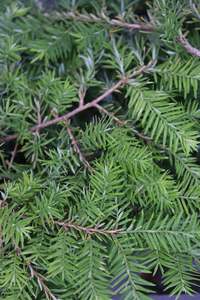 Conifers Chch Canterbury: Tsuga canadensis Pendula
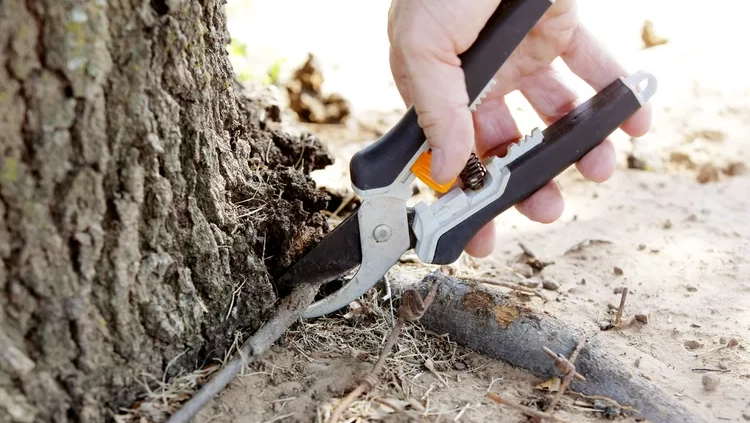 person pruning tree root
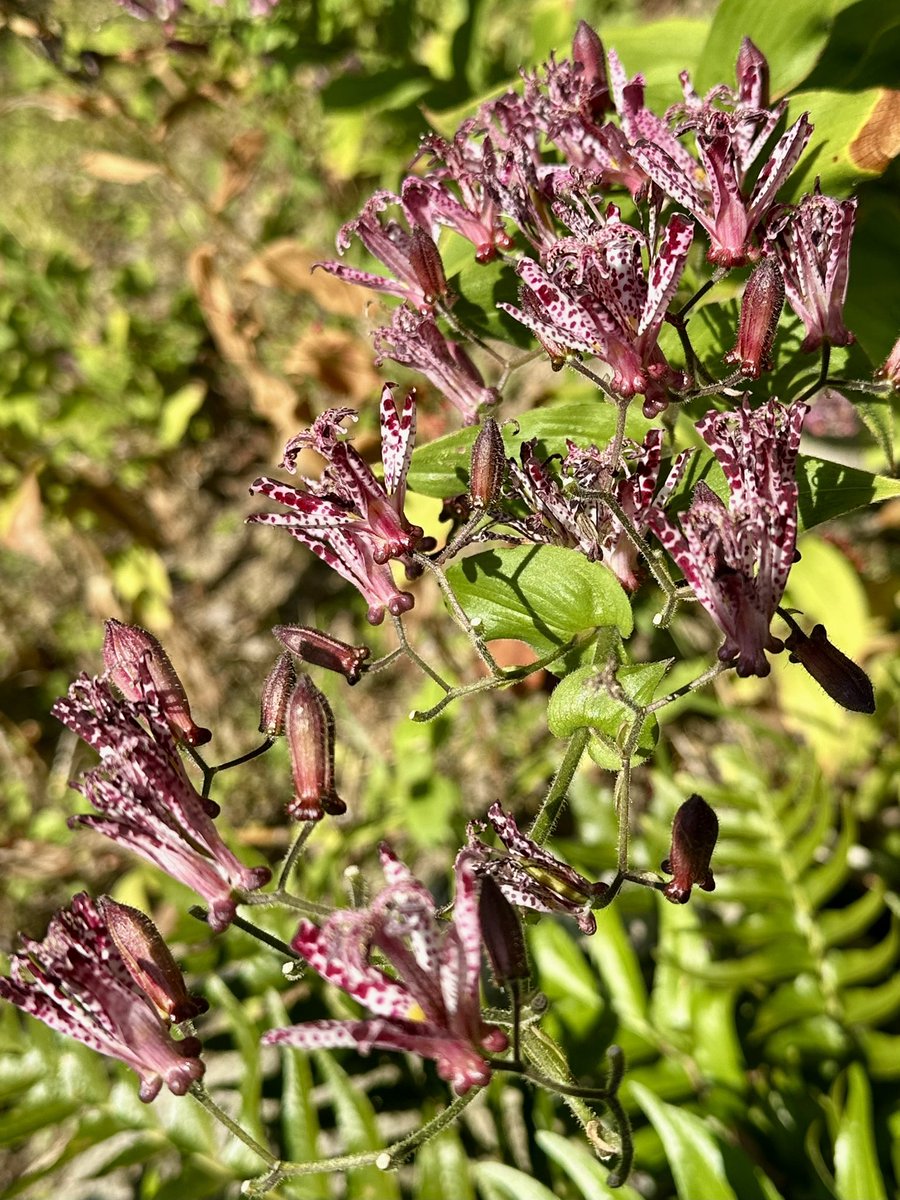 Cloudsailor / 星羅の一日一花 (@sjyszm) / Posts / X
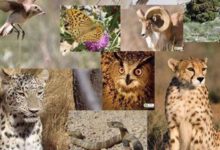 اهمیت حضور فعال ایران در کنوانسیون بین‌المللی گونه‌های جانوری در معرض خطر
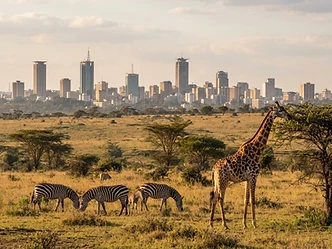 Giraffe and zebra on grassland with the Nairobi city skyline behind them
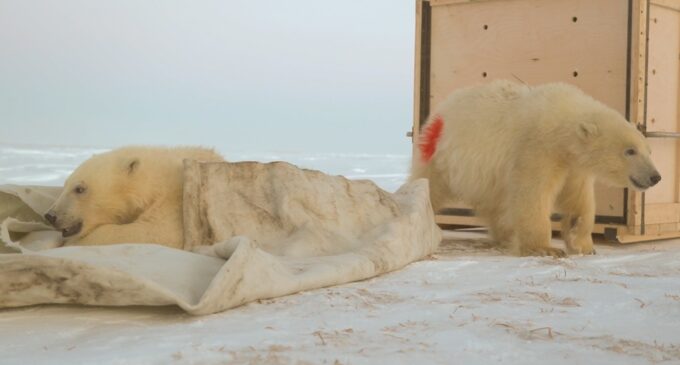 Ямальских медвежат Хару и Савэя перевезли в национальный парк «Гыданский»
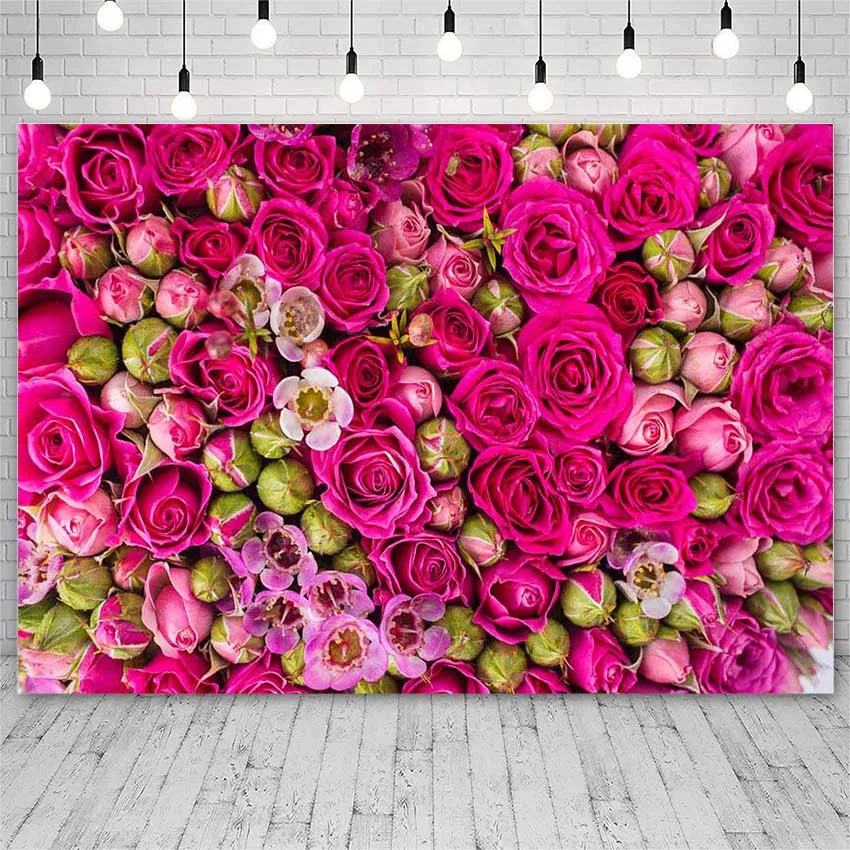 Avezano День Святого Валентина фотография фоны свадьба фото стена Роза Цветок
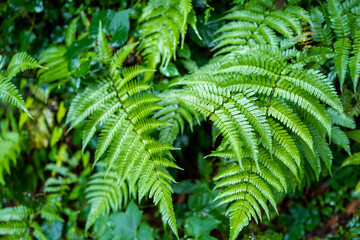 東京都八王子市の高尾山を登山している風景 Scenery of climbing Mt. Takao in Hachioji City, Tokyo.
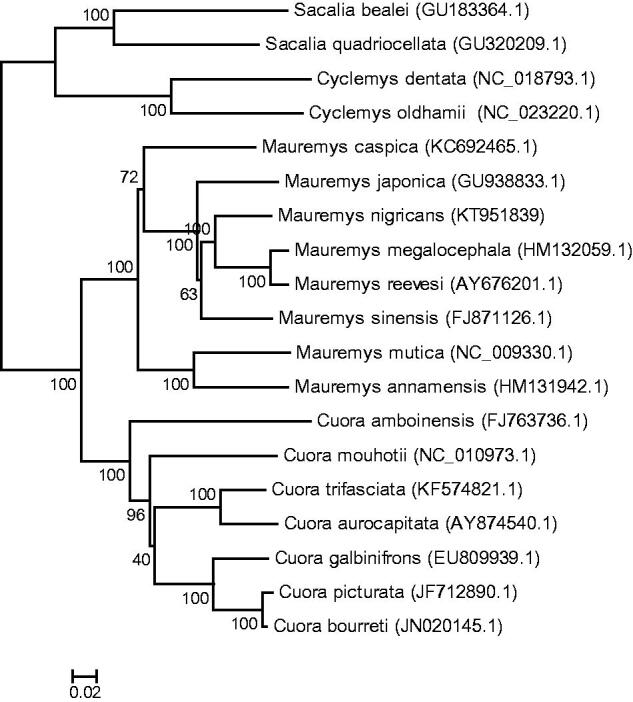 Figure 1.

::::::::::

[What needs to be done]
Give back exactly the lines from the opening of the listing through the line holding "Ямальских медвежат Хару", both ends included, with every picture omitted.

[Response]
 Conifers Chch Canterbury: Tsuga canadensis Pendula
 person pruning tree root
 Cloudsailor / 星羅の一日一花 (@sjyszm) / Posts / X
 اهمیت حضور فعال ایران در کنوانسیون بین‌المللی گونه‌های جانوری در معرض خطر
 Giraffe and zebra on grassland with the Nairobi city skyline behind them
 Ямальских медвежат Хару и Савэя перевезли в национальный парк «Гыданский»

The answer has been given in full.